Saquon Barkley was absolutely phenomenal in his inaugural season with the New York Giants and he completely blew away the lofty expectations set upon him by his draft position, the media, and the NYC metropolitan area. At 6’0 and 233 pounds, Barkley possesses a rare combination of speed and power and he routinely showed it off as a rookie.
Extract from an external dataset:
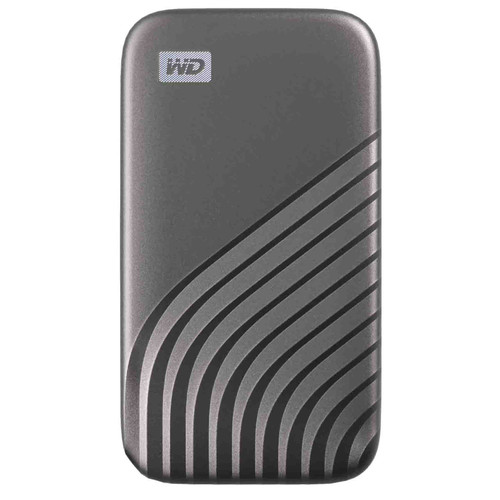 WD My Passport 1TB SSD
After being selected with the second pick in the first round of the 2018 NFL draft, Barkley had an unbelievable amount of pressure to contribute early and often for a team with recent offensive struggles. He met those lofty expectations by putting together a rookie year for the record books. Barkley ran for an impressive 1,307 yards and 11 touchdowns while also adding 91 catches for 721 yards and another four scores through the air. His efforts were met with a haul of accolades along with a haul of both NFL and franchise records:
- Offensive Rookie of the Year
- Pepsi Rookie of the Year
- Pro Bowl Selection
- First Team All-Pro Selection
- FedEx Ground Player of the Year
- Pro Football Writers Association All-Rookie Team
- Best Breakthrough Athlete ESPY Award
- Second most rushing yards in the NFL
- Lead the NFL in yards from scrimmage compiling 2,028 all-purpose yards, a record for a rookie in the NFL
- Collected the third most all-purpose yards for a rookie in NFL history
- Set a record for the most receptions by a rookie running back in NFL history
- Set the NY Giants record for the most combined rushing and receiving touchdowns by a rookie with 15
- Set the NY Giants record for the most rushing touchdowns by a rookie with 11
- Tied the NY Giants rookie record for receptions with 91 catches, also tied for the fourth most receptions in franchise history
- Barkley’s 14 receptions in Week 2 against the Cowboys set a Giants franchise record and tied an NFL record for the most catches by a rookie in a single game
- Barkley was able to reel off nine plays of 40 yards or more (only two players in NFL history have collected more big plays in a single season, Chris Johnson and Barry Sanders)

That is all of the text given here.